I’ve never longed to get back to work, Winter thought. Not like that. This is more important.
“How do we know when the baby is hungry and when it’s full?”
“Good, Erik.”
“How much sleep?”
“For whom?”
“For me, of course,” he said. He started writing again after a short pause.
“What are you writing now?”
He looked up with a different expression on his face.
“Let me look,” Angela said, grabbing his notepad and reading it. She looked at him: “Are my eyes deceiving me? ‘Check police force addresses against the pornography replies.’ Is that one of the questions you want to ask the midwife?”
“I thought of something.”
“Erik…”
“Maternity care,” he said quickly. “You’ve talked about maternity care after the reorganization.”

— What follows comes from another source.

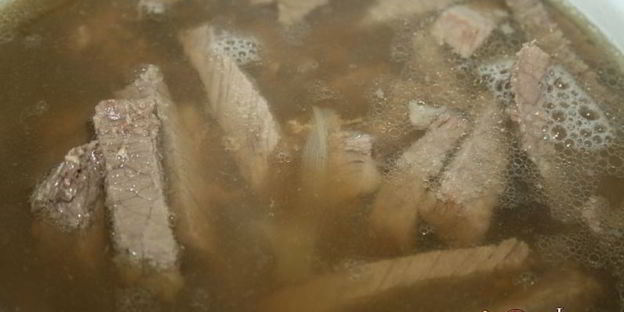 сациви из говядины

“Write it down,” she said. He didn’t. “I mean it literally,” she said.
The midwife offered them coffee, as this was the first time. In future perhaps they might like to take turns in bringing something nice with them, if they felt like it.
I can bake some brownies, he thought.
The midwife talked about relationships, how things change during pregnancy and after the birth. The men and women looked at one another.